I used to use SQS but Postgres gives me everything I want. I can also do priority queueing and sorting.

I gave up on SQS when it couldn't be accessed from a VPC. AWS might have fixed that now.

All the other queueing mechanisms I investigated were dramatically more complex and heavyweight than Postgres SKIP LOCKED.

>>andrew+7a
Using SKIP LOCKED - do you commit the change to the dequeued item (ack it) at the point where you exit the DB call. If so what happens if the instance that dequeued the messages crashes?

>>soroko+Ll
Not GP but I think this wouldn't be a problem. The consumer dequeues with SELECT FOR UPDATE within a transaction. If it crashes the database would rollback the transaction, and then another consumer would be able to select the work unit.

As for acking, I see two common methods: using an additional boolean column, something like is_processed. Consumers skip truthy ones. Or, after the work is done, simply delete the entry or move elsewhere (e.g. For archival / auditing).

>>napste+ly
My question assumed a scenario where a consumer dequeues a batch, commits the deqieued change, and then crashes while processing the batch.

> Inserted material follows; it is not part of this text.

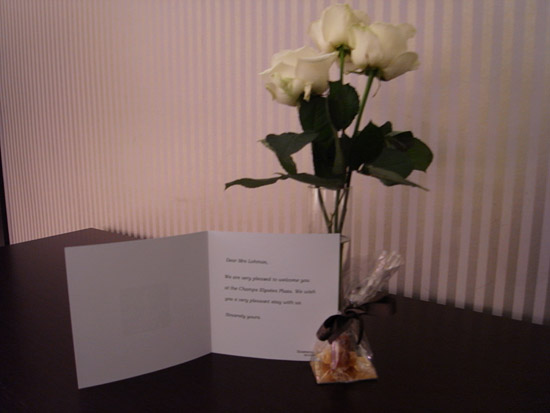 hotel champs elysees plaza paris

Offcourse one could delay the commit until all processing is completed but then reasoning about the queue throughput becomes tricky.

>>soroko+xy
That's the challenge of distributed systems :) it really boils down to how you want failures to be handled.

If you ack before processing, and then you crash, those messages are lost (assuming you can't recover from the crash and you are not using something like a two-phase commit).

If you ack after processing, you may fail after the messages have been processed but before you've been able to ack them. This leads to duplicates, in which case you better hope your work units are idempotent. If they are not, you can always keep a separate table of message IDs that have been processed, and check against it.

Either way, it's hard, complex and there are thousands of intermediate failure cases you have to think about. And for each possible solution (2pc, separate table of message IDs for idempotency, etc) you bring more complexity and problems to the table.

>>napste+6A
Well, sqs has machinery that deals with this (in flight messages, visibility timeouts) "out of the box". Similar functionality needs to be handcrafted when using dB as a queue.

To be clear, it is not that the SKIP LOCKED solution is invalid, it is just that there are scenarios where it is not sufficient.